Provided entries:
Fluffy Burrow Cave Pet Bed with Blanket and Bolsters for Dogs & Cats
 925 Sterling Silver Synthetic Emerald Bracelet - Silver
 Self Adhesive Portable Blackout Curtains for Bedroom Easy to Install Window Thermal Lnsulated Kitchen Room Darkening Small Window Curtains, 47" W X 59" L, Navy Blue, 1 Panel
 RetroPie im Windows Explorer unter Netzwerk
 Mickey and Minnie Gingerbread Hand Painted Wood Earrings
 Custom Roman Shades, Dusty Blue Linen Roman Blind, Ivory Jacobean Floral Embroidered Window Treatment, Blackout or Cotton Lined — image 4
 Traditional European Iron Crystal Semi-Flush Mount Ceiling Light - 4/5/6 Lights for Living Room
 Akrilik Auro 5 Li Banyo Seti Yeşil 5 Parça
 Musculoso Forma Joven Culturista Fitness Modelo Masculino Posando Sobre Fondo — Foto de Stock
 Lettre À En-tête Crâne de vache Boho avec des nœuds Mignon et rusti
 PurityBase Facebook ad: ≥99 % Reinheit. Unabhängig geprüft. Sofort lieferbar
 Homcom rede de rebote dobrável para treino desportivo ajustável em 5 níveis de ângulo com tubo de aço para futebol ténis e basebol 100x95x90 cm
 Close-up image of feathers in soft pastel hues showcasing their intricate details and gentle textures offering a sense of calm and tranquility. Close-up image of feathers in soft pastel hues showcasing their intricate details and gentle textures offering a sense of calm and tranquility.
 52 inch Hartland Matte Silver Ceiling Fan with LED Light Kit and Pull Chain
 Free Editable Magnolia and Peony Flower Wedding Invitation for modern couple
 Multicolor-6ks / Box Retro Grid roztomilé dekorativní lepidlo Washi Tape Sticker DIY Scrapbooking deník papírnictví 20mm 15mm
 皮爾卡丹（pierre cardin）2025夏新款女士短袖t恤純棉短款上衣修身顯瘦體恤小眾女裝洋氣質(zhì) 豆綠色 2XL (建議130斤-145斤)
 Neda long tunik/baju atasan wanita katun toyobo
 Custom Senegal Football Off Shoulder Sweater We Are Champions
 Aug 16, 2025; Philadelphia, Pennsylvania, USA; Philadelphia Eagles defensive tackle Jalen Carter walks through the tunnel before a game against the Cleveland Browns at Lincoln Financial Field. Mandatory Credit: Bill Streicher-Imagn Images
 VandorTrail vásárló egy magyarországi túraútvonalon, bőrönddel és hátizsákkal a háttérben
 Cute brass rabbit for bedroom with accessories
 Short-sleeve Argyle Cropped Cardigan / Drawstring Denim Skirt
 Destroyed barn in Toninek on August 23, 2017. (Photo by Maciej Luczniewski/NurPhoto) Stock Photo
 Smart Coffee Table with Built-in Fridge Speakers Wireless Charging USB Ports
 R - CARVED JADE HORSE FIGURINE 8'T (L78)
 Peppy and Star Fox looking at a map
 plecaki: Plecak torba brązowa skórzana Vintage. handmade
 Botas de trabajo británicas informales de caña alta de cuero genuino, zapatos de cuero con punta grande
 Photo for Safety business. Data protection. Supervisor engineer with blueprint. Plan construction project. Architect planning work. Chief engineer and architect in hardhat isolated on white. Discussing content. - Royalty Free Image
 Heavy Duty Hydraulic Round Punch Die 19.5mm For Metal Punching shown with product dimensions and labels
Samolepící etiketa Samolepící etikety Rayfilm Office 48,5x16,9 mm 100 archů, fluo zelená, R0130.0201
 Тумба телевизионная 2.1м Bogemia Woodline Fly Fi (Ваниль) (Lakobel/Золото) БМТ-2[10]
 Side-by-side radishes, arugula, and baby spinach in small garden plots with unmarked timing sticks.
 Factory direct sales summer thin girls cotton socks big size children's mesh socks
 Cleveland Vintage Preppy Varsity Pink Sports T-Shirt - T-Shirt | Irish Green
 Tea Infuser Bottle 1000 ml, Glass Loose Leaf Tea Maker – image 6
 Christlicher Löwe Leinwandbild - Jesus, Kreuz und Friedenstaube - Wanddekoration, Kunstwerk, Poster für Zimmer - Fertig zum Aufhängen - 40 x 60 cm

Action item:
Please copy, exactly and with nothing else, the lines above beginning at the line that has "Traditional European Iron" and ending with the line that has "Homcom rede de".

Response for this exercise:
 Traditional European Iron Crystal Semi-Flush Mount Ceiling Light - 4/5/6 Lights for Living Room
 Akrilik Auro 5 Li Banyo Seti Yeşil 5 Parça
 Musculoso Forma Joven Culturista Fitness Modelo Masculino Posando Sobre Fondo — Foto de Stock
 Lettre À En-tête Crâne de vache Boho avec des nœuds Mignon et rusti
 PurityBase Facebook ad: ≥99 % Reinheit. Unabhängig geprüft. Sofort lieferbar
 Homcom rede de rebote dobrável para treino desportivo ajustável em 5 níveis de ângulo com tubo de aço para futebol ténis e basebol 100x95x90 cm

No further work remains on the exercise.